((

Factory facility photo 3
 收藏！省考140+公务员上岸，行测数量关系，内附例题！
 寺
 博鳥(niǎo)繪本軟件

))

Return the data exactly, every line included.

### RESPONSE TO THE TASK
Factory facility photo 3
 收藏！省考140+公务员上岸，行测数量关系，内附例题！
 寺
 博鳥(niǎo)繪本軟件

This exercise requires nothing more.